Bisnis, JAKARTA — Sejumlah analis meyakini pasar saham Indonesia masih memiliki daya tarik yang sangat kuat hingga akhir tahun ini, meski pekan lalu mengalami kejatuhan yang cukup tajam. Secara fundamental, pasar Indonesia ditopang oleh kinerja emiten yang ciamik. Tekanan pun lebih banyak akibat faktor global ketimbang internal.
Sepanjang pekan kedua Mei 2022, atau tepat setelah berakhirnya libur Lebaran, pasar saham dalam negeri memang mengalami penurunan tajam sebagai imbas dari kebijakan pengetatan suku bunga bank sentral Amerika Serikat, the Fed.
The Fed menaikkan suku bunganya sebesar 50 bps menjadi 0,75 persen hingga 1,00 persen, langkah yang tidak pernah ditempuh dalam 22 tahun terakhir. Biasanya, kenaikan suku bunga acuan the Fed maksimal hanya 25 bps. Kenaikan 50 bps tentu memberikan sinyal yang sangat kuat terhadap gentingnya kondisi di AS.

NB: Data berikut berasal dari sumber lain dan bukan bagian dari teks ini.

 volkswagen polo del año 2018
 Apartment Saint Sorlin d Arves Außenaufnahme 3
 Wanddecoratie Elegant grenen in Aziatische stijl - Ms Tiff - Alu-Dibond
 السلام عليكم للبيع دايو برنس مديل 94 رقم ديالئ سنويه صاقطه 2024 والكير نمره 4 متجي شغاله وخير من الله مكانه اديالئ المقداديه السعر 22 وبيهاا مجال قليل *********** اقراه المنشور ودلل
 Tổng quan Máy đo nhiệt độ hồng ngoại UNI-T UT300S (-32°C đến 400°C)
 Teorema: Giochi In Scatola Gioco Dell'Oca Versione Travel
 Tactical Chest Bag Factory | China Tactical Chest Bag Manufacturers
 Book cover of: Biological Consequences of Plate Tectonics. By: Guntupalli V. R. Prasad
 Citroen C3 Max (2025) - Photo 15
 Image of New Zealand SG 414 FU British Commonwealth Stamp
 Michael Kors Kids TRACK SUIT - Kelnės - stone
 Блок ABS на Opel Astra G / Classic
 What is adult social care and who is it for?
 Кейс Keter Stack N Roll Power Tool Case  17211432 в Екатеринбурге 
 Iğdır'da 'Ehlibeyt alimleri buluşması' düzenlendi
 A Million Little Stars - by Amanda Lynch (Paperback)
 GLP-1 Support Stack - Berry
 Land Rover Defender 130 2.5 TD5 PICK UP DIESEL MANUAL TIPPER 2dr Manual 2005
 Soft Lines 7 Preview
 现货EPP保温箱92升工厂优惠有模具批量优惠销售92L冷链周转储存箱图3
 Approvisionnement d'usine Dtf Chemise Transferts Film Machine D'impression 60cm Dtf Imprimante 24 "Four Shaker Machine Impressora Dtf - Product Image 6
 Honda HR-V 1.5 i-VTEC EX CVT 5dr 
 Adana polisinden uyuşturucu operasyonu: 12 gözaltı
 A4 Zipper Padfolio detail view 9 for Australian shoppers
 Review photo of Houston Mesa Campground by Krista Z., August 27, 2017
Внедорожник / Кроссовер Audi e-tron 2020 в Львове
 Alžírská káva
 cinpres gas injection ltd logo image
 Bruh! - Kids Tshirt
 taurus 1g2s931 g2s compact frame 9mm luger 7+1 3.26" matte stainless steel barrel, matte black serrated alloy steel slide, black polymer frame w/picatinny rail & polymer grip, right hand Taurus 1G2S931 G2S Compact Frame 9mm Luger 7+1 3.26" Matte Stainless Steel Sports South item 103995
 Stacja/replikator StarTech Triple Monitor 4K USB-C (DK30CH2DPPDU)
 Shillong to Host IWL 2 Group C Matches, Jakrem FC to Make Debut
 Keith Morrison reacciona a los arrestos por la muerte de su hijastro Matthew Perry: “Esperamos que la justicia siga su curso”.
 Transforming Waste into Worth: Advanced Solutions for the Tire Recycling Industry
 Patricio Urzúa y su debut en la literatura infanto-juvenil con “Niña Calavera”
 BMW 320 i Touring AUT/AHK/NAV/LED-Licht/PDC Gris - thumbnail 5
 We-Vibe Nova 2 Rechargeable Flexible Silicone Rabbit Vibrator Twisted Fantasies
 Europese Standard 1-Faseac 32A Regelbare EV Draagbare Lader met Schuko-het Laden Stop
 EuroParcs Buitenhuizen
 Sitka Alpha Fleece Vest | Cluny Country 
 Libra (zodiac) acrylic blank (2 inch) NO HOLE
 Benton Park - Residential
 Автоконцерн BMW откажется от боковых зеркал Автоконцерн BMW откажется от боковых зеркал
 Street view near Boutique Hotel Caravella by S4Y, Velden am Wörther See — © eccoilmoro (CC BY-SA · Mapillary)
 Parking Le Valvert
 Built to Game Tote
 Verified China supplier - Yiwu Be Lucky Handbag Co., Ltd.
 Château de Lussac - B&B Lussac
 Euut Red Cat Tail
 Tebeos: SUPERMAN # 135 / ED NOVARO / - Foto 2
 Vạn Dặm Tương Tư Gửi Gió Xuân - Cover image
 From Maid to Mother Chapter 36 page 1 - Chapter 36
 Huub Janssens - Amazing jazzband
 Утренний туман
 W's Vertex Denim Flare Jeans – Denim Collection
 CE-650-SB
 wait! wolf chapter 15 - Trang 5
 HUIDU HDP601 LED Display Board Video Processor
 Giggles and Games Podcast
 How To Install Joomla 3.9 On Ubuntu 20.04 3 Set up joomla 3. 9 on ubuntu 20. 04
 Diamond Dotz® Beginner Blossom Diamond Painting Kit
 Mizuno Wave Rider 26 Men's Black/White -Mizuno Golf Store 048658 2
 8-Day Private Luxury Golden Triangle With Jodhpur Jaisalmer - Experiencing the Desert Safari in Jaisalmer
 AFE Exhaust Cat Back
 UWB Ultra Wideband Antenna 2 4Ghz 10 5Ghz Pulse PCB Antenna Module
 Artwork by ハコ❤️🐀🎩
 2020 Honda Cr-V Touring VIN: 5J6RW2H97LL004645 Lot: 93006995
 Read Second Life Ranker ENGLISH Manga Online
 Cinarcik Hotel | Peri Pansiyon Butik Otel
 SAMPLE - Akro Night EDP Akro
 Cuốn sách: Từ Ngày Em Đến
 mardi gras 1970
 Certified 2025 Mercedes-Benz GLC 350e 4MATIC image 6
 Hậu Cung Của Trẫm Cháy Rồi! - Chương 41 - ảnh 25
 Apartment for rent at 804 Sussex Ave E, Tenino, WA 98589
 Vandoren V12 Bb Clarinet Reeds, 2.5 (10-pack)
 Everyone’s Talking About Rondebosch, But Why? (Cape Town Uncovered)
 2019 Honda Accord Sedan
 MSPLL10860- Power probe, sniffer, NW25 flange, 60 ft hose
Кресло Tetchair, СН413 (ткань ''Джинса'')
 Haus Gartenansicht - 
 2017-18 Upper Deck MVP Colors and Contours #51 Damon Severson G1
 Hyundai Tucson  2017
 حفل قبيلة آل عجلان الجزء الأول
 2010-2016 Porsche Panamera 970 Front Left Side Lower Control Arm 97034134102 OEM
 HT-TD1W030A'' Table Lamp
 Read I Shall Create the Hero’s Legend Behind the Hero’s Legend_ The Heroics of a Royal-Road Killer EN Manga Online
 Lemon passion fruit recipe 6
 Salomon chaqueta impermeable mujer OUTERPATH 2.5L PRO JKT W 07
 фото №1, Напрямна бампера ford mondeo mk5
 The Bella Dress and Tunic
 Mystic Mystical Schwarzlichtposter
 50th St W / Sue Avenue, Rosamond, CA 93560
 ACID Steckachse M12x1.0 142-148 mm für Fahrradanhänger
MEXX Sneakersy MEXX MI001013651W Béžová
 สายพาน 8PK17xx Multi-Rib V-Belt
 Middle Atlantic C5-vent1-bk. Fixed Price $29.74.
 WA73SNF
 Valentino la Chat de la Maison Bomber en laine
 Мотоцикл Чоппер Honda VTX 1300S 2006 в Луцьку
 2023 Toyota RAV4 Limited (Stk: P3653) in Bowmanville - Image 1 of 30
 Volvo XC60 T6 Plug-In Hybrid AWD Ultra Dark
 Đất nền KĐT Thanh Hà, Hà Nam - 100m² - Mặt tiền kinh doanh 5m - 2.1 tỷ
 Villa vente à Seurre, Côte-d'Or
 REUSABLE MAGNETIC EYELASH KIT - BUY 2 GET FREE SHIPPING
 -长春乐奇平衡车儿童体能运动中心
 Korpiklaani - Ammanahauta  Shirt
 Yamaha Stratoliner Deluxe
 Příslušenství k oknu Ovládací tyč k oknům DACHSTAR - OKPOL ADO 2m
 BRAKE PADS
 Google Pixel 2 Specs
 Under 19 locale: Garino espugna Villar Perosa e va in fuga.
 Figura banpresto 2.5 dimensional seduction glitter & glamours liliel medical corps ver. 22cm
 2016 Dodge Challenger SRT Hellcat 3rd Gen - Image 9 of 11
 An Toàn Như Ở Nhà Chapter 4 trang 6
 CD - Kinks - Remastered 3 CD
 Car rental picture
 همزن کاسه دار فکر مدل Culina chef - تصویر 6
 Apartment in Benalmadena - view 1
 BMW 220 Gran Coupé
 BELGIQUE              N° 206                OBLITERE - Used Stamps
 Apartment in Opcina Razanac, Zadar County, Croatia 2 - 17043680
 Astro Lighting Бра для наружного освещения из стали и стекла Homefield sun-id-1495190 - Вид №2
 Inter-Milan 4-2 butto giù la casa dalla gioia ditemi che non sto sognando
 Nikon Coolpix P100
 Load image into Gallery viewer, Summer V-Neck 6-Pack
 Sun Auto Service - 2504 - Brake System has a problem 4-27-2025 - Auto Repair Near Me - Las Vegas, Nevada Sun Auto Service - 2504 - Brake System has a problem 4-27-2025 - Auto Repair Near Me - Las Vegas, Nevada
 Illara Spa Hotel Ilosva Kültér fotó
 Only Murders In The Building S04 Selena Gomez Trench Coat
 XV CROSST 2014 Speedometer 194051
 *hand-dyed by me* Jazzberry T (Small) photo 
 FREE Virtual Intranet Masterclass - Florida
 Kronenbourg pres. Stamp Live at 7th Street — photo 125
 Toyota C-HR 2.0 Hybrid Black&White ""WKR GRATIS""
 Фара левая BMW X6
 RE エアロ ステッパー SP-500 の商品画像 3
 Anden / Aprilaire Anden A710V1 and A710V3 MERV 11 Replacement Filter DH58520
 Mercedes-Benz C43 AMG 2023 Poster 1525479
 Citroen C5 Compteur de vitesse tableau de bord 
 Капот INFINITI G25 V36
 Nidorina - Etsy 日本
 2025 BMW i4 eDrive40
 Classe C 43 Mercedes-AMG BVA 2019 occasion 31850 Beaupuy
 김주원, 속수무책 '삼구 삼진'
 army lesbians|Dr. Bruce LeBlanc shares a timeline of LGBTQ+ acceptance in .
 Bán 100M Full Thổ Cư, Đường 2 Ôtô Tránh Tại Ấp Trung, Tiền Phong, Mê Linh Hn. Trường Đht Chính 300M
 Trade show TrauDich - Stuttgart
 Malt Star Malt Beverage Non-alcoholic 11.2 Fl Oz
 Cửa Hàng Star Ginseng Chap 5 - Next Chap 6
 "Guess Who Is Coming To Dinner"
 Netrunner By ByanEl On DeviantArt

Kenaikan tersebut terjadi di momentum libur Lebaran, sehingga pasar saham Indonesia tidak sempat segera meresponsnya. Akumulasi respons terhadap kebijakan tersebut bertumpuk di pekan kedua Mei 2022. Tingkat return dan rekor yang sempat dicapai IHSG pun terhapus dalam sekejap.